"Are you sure it's the same one?" asked the odd-job man.

"Quite sure," answered Patrick, and, oh, how the Lamb wished she dared speak out and say that she certainly was that very same toy! And how she wished they would take her to Mirabell!

"We can soon tell if this is Mirabell's Lamb," went on Patrick. "I'll take it to her. If you want to you can unload that wood here. My master will buy it and I can chop it up. Then you can cart away some trash in your wagon."

"I'll do that," said the odd-job man. "I guess the Lamb brought me good luck. I was thinking maybe I could sell this wood after I had chopped it up myself, but I'd rather sell it as it is. And I can then cart away the trash."

"Well, you be unloading the wood," said Patrick, "and I'll go see if this is Mirabell's Lamb.

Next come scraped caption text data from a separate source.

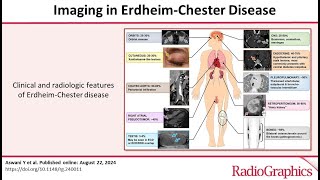 Imaging in ErdheimChester Disease dr Sara NASR [upl. by Sudhir]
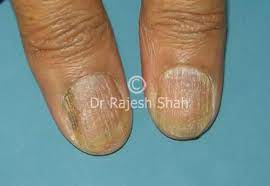 lichen pl of nails causes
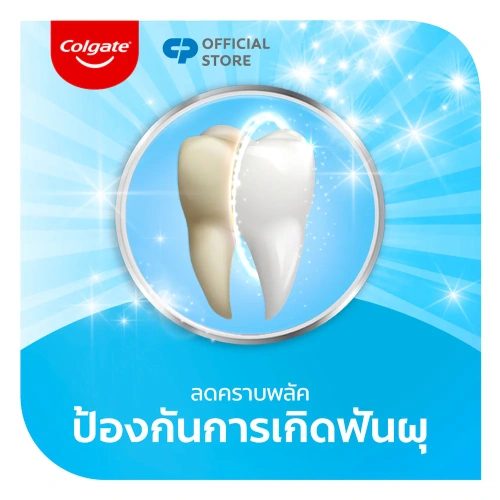 Colgate Advance Whitening Toothpaste 135g фото 3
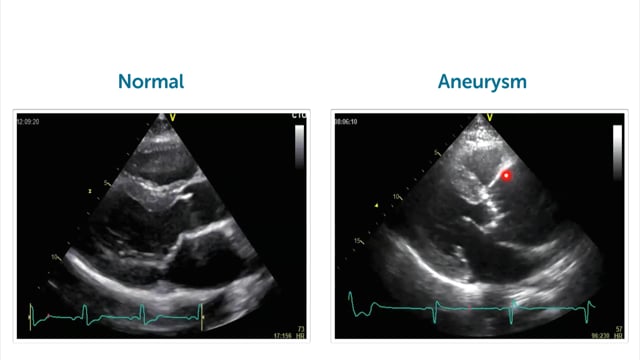 What does a dilated aorta look like in echocardiography?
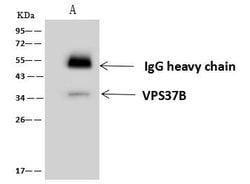 Invitrogen VPS37B Polyclonal Antibody 100 &mu;L; Unconjugated:Antibodies,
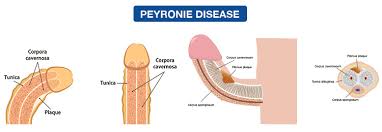 Penile Natural Curvature Correction Loria Medical 786 409 5911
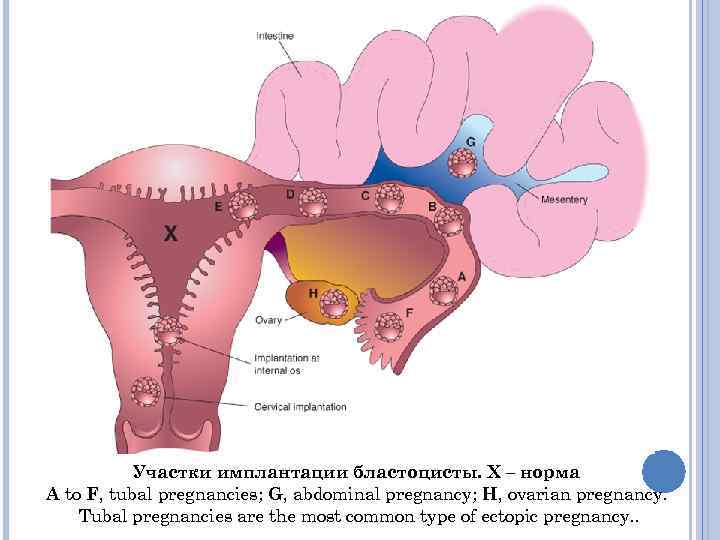   Участки имплантации бластоцисты. Х – норма A to F, tubal pregnancies; G,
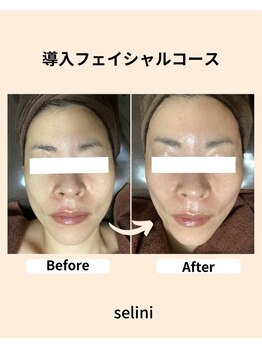 セリーニ(Selini)/一回でこの結果♪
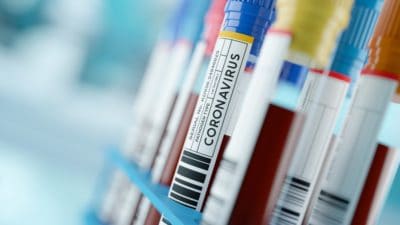 Coronavirus 2019-nCoV Blood Samples Medical Concept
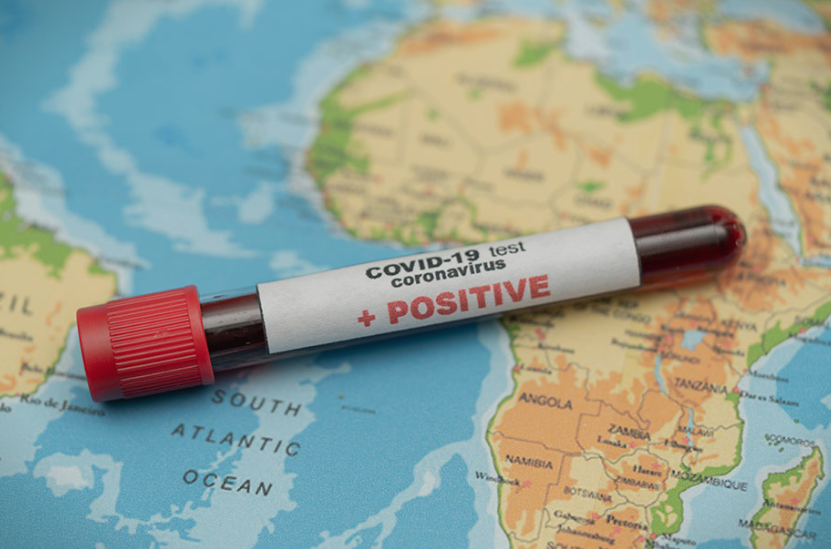 ОН: Пандемијата може во Африка да убие 300.000 луѓе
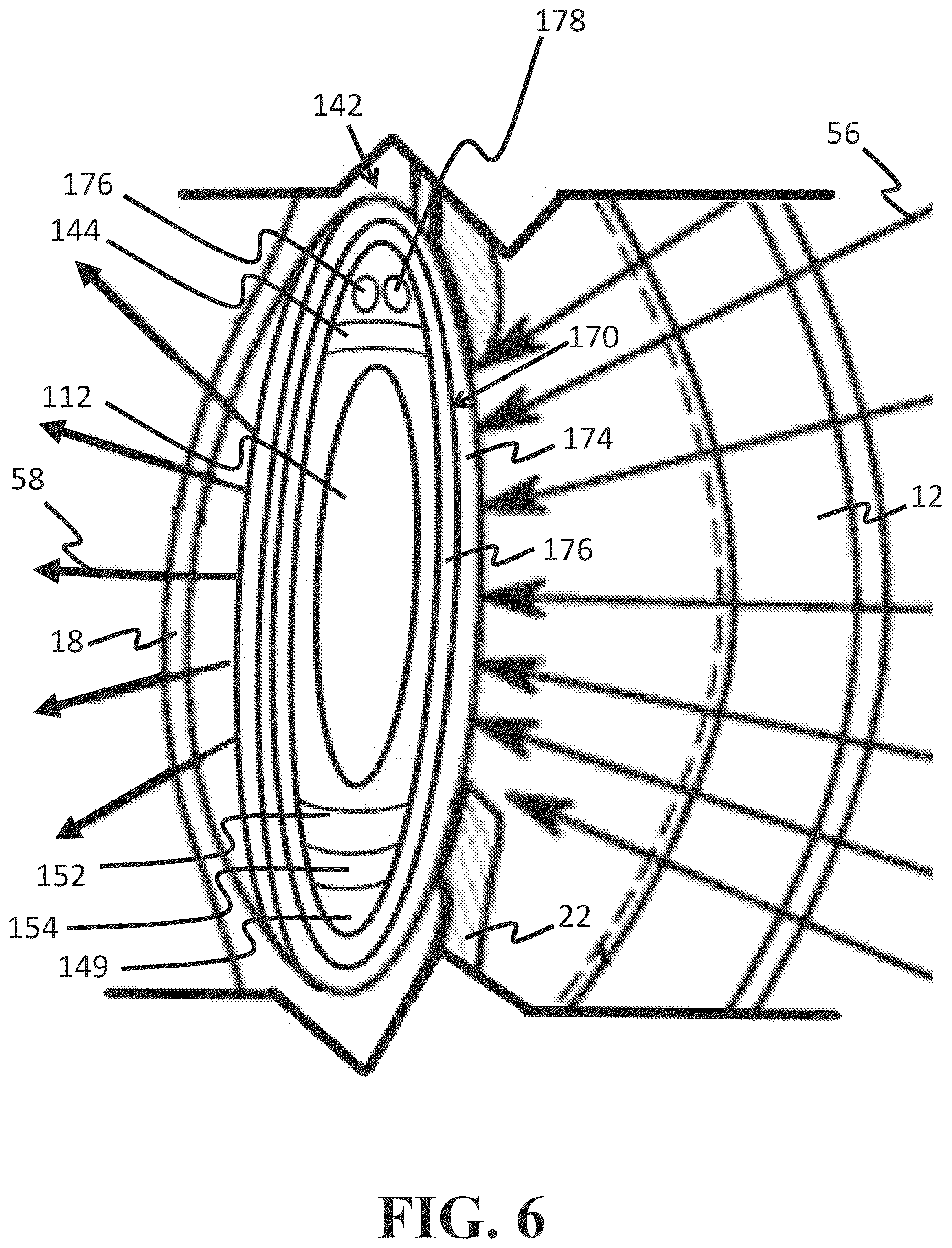 Patent US12318331 Figure 6 – Intraocular lens docking station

But I am very sure it is."

Leaning his rake up against the back fence, Patrick walked up the garden path, around the "Big House," as the odd-job man had called it, and then the gardener went toward the house where Mirabell lived.

The little girl, who had hunted all over for her Lamb on Wheels and was feeling very sad because she had not found it, was in the kitchen getting a cookie from Susan, the cook, when Patrick knocked on the back door.

"I'll go and see who it is!" cried the little girl.

And when she opened the door, and saw Patrick from the "Big House" standing there with the Lamb on Wheels, Mirabell was so surprised that she dropped her cookie. It fell on the floor, and it almost rolled down the back steps, but Patrick caught it in time.